What you will do
Below are some records; return each one exactly as written.

** Exercise data follows **

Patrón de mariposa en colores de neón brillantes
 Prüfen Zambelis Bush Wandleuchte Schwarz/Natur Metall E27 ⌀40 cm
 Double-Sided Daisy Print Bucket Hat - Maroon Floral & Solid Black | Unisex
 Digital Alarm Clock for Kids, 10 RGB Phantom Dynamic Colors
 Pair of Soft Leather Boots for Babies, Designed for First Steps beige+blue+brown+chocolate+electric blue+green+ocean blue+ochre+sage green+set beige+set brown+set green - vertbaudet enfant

** End of Exercise data **

Task response
Patrón de mariposa en colores de neón brillantes
 Prüfen Zambelis Bush Wandleuchte Schwarz/Natur Metall E27 ⌀40 cm
 Double-Sided Daisy Print Bucket Hat - Maroon Floral & Solid Black | Unisex
 Digital Alarm Clock for Kids, 10 RGB Phantom Dynamic Colors
 Pair of Soft Leather Boots for Babies, Designed for First Steps beige+blue+brown+chocolate+electric blue+green+ocean blue+ochre+sage green+set beige+set brown+set green - vertbaudet enfant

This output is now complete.